Consumer, Environmental Groups Urge President to Intervene in Industry Plans for Nuclear Waste Storage in Utah

Private Consortium Wants to Transport Nuclear Waste to Utah Site

WASHINGTON, D.C. — A broad coalition of consumer and environmental groups has asked the White House to block a proposal to store high-level radioactive waste from commercial nuclear reactors on the Skull Valley Goshute Reservation in Utah.

Private Fuel Storage, Ltd. (PFS), a consortium of eight nuclear utilities, is advancing a proposal to transport 40,000 metric tons of nuclear waste from around the country to an aboveground, interim storage facility on the reservation, which is near Tooele, Utah, approximately 45 miles west of Salt Lake City. PFS intends to open the facility in 2003, initiating an unprecedented and dangerous cross-country nuclear transportation scheme.
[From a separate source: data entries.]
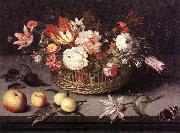 BOSSCHAERT, Johannes Basket of Flowers gh oil on canvas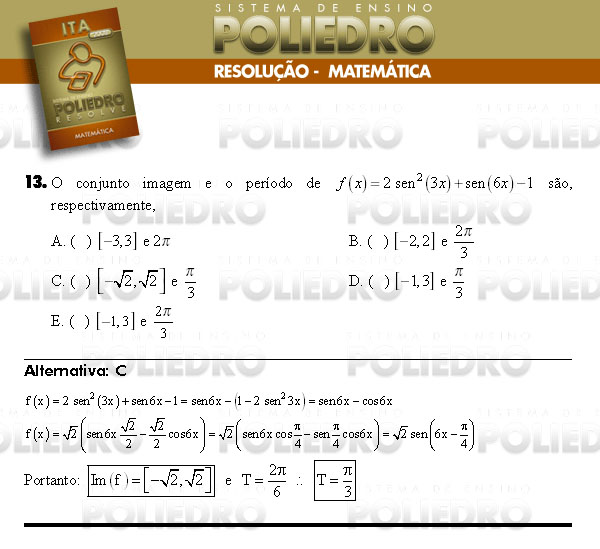 Questão 13 - Matemática - ITA 2008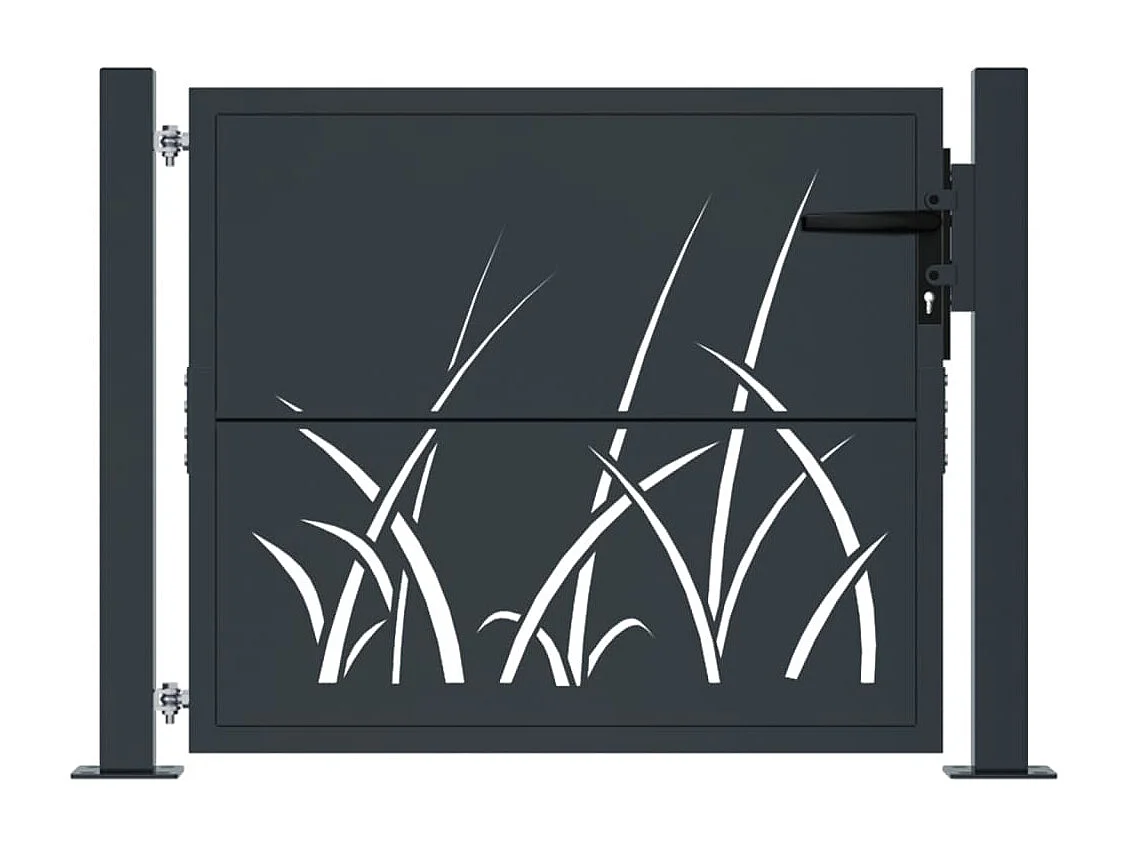 Portail de jardin anthracite 105x80 cm acier conception d'herbe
In a Dec. 5 letter to President Clinton, 23 national organizations and dozens of grassroots organizations outline their concerns with this proposal and request an executive order to prevent the U.S. Nuclear Regulatory Commission from licensing the PFS facility.
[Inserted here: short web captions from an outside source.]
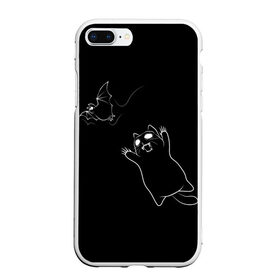 Чехол для iPhone 7Plus/8 Plus матовый с принтом Cat Monster в Новосибирске, Силикон | Область печати: задняя сторона чехла, без боковых панелей | Тематика изображения на принте: cat | halloween | арт | животные | кот | котик | кошки | монстр | мышь | праздник | хэллоуин | черно белый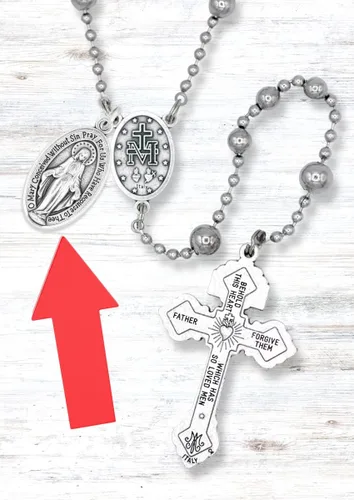 Miniatura 5 de Caritas et Fides Paquete de 5 medallas milagrosas ovaladas grandes en inglés (1.125 pulgadas, plata oxidada) – Hecho en Italia, colgante de María
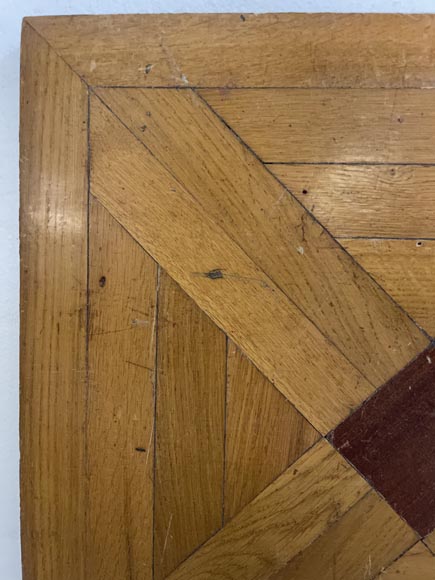 Batch of about 6m² of oak parquet flooring with a cross motif intersperses with mahogany-4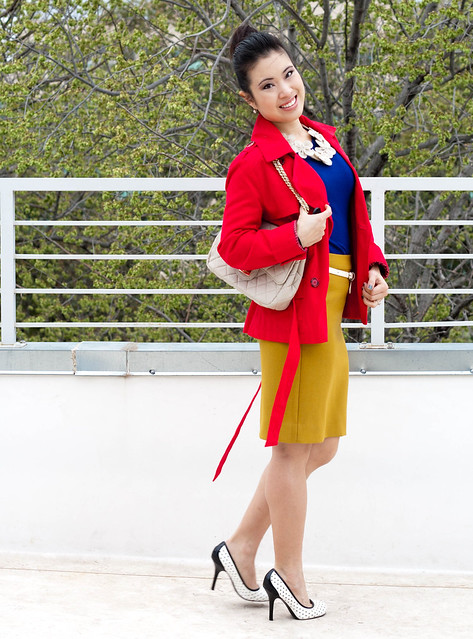flower necklace yesstyle chanel flap j. crew double serge pencil skirt ochre red peacoat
“Transporting high-level nuclear waste is inherently dangerous because it exposes people along transportation routes to the risk of radiation release in areas where emergency responders may not be equipped for a nuclear accident,” the letter says. The proposal “would unnecessarily increase this risk by requiring waste to be transported more than once over long distances.”

Furthermore, the project s draft environmental impact statement gives inadequate attention to transportation issues, and no public hearings have been scheduled outside Utah. PFS refuses to specify which routes would be used to transport the waste, making it difficult for concerned citizens to discern how their communities may be affected by the proposal.
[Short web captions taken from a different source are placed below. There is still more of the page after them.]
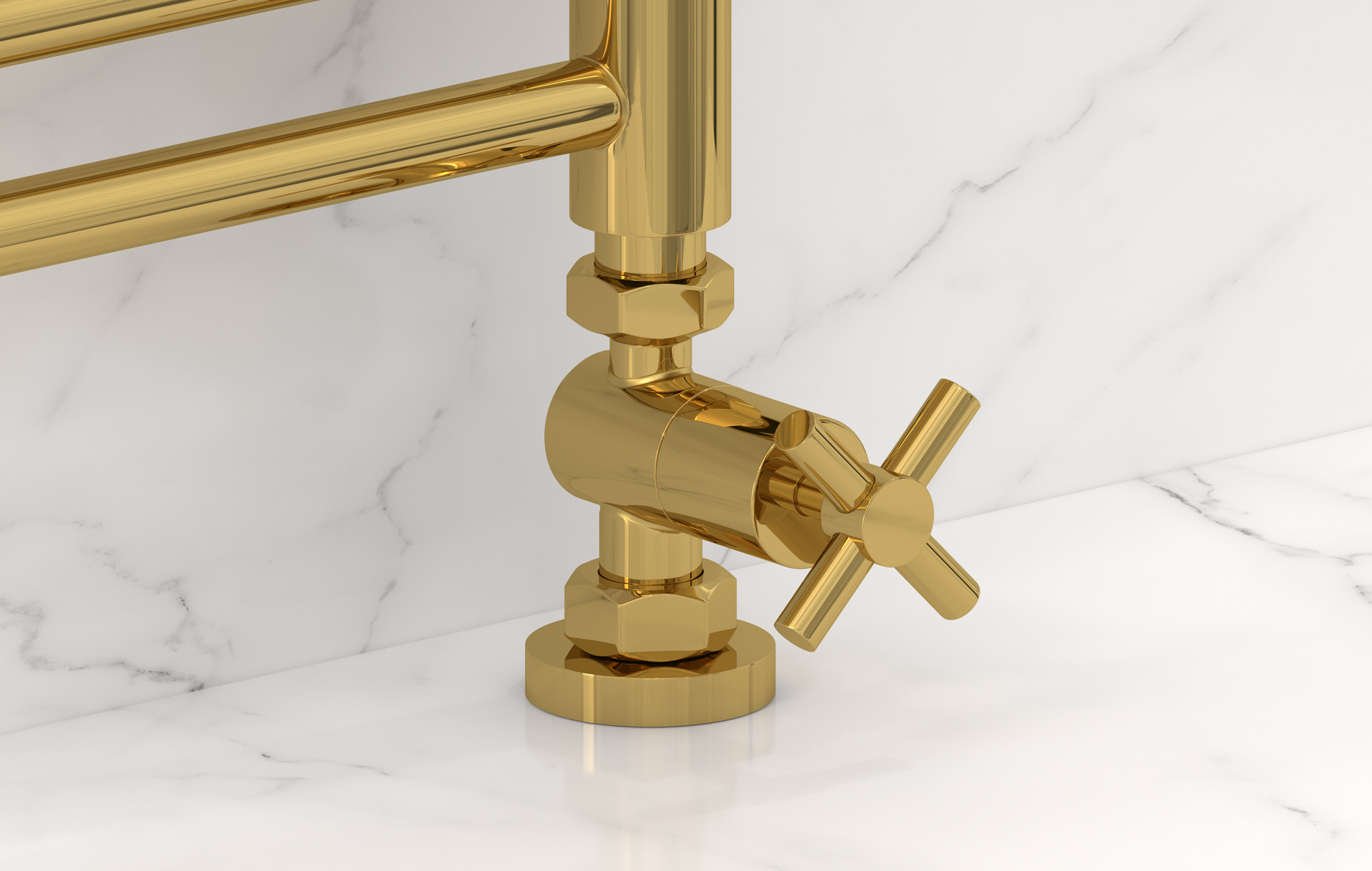 Комплектующие Сунержа DESIGN Вентиль прямой (крест) G 1/2" НР х G 3/4" НГ (Золото)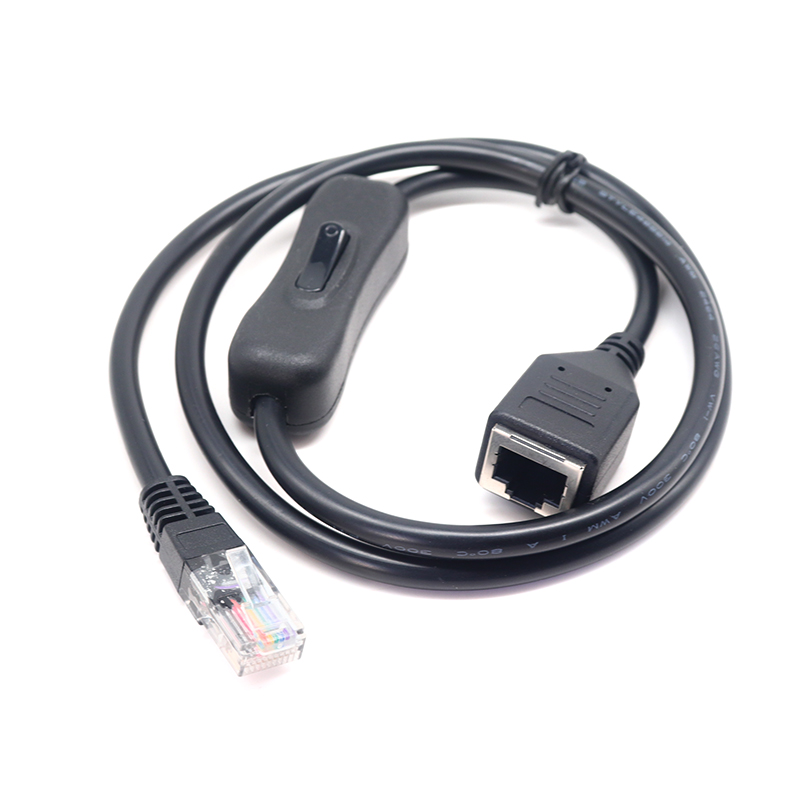 中国 定制 带开关RJ45 公转 RJ45 母延长线， 制造商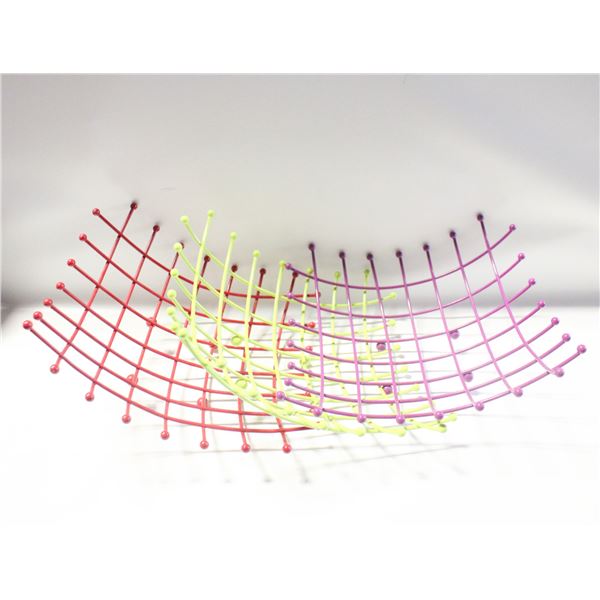 3 WIRE FRUIT BOWLS. RED, GREEN AND PURPLE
National policy and procedures also are at issue. In the letter, the signatory groups “object in the strongest terms to the precedent that the PFS proposal sets for granting private industry the authority to decide upon remote siting and policy for high-level [radioactive] waste storage. . . . It is clearly unacceptable to allow PFS to proceed with this flawed proposal, which places the economic interests of the nuclear industry above democratic process and the legitimate safety concerns of citizens.”

The groups also have requested a meeting with the White House.